The importance of contextual metadata... (Part 1)

As the amount of information in the world increases so does the need to be able to better search for information. The two main tools that we have at our aid to improve this are statistical metrics and metadata (ignoring for things such as anchor weighting since I'm assuming a non-web enviornment and constant boosting from certain authors due to the fact I'm assuming that all information is important).

When I say statistical metrics I'm referring to things such as a search for "soy or linseed", now statitically one word will occur more often than the other, so it should probably rated more highly and a document containing both soy and linseed is more important than one containing just one of the search terms. etc...
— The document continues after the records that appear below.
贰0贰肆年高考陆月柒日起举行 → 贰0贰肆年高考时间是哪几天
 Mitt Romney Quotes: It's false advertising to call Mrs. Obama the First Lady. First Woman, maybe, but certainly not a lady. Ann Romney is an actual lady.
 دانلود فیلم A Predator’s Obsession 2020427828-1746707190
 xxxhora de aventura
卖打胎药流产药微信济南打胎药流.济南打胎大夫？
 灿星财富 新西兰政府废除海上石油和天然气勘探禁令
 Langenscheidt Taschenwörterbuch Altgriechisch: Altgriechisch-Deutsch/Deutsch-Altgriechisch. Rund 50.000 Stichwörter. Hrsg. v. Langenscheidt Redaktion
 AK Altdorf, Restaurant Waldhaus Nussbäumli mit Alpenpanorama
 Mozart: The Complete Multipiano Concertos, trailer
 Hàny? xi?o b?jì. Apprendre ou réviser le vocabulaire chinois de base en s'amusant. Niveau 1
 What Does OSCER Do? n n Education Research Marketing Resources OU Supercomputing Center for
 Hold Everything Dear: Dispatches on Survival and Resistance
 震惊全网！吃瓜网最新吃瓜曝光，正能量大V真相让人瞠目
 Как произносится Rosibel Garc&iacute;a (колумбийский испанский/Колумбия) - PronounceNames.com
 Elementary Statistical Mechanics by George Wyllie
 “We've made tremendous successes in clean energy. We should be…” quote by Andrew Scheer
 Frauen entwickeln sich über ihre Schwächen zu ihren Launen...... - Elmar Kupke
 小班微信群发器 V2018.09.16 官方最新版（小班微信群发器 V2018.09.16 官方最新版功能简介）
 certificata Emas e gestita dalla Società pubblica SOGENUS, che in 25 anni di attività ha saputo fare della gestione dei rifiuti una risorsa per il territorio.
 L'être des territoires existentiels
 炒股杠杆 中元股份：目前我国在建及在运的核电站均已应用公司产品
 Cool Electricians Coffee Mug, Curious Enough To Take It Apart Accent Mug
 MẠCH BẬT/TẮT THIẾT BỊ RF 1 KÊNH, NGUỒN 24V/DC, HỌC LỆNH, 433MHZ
The next aid to finding interesting results is metadata. Now pre-existing metadata for a document is nice to have but is often incorrect or inaccurate, so we have to judgements on how much weight we give to pre-existing metadata must be made usually on a case by case basis (referring to an inspection of the data to be searched over).

Next we have created metadata. This data helps to define things about the document it's self. For example people or places can be extracted. This allows us to drilldown on pre-existing values in searches. Other contextual information can be gathered from the text of the document, such as identifing a title of a document or a heading and making it more important.
A search for bush a gives us? A plant, a president, and a pro footballer. By recognising people we can limit those documents to a president and a pro footballer, by searching for bush inside the people metadata.